Il nuovo gestore vi è entrato con le idee chiare: nulla sarebbe cambiato di quella formula originale, soprattutto non lo spirito, ma chiunque da quel momento in poi avrebbe messo piede Da Paeto ne sarebbe uscito contento,
per la qualità del cibo, del vino e per l’entità del conto finale. A cinque anni di distanza possiamo dire che ha avuto ragione. La lista delle vivande cambia con le lune. Quella estiva spazia dagli antipasti di salumi di “casada” (caserecci), sarde in saor (sardine con cipolla) con uvetta e pinoli (ricetta venezianissima), nervetti con cipolle. I primi elencano risotti e maltagliati “coe secoe” e risotto di baccalà, bigoi in salsa (pasta tipo spaghetti con sugo di sarde e cipolle) e zuppa di trippe. I secondi spaziano dal baccalà (gettonatissimo il tris: mantecato, alla vicentina e in umido) al carpaccio di baccalà con caponatina di verdure, pesce del giorno, anche come frittura mista e trippa alla parmigiana. Poteva mancare in Veneto la polenta? Sicuramente no e tanto meno da Paeto, che la cuoce con farina bianca
di mais biancoperla veneto (considerata di pregio e diffusa sin dal secondo
dopo guerra nelle zone comprese tra il Polesine, il Trevigiano e il Veneziano) e la abbina a quasi tutti i suoi piatti. Insalate verdi miste, formaggi e uno spunto particolare nei dessert. Cosa vi aspettereste in un posto simile per concludere il pasto? Certamente non cannoli, cassate e altre delizie siciliane. Invece sì, ecco i dolci di produzione artigianale in arrivo dall’entroterra palermitano. La spiegazione c’è: il figlio di Galdino è convolato a giuste nozze con la figlia dei Cerniglia di San Giuseppe Jato, tra i più rinomati pasticceri della Sicilia. Il conto, comprensivo di vino e caffè, difficilmente supererà i 35 euro.
Risotto con le secoe.
Ingredienti: (per 4 persone) 300 grammi di riso, due cipolle medie, 50 grammi di burro e 50 grammi di olio d’oliva, 3 etti di secoe, 3 cucchiai di passata di pomodoro, sale e pepe, cannella.

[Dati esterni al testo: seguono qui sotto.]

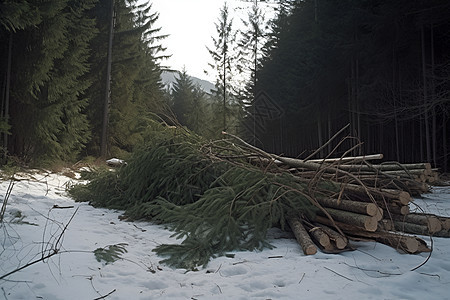 冬日林间砍伐的树木图片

Preparazione: Rosolare lentamente in olio e burro la cipolla tagliata sottile. Aggiungere le secoe, bagnare con vino bianco e cuocere con fuoco più vivace. A metà cottura aggiungere passata di pomodoro e a fine cottura cannella in polvere quanto basta. Le secoe così preparate sono la base per il risotto, ma si possono utilizzare anche come condimento nella pasta.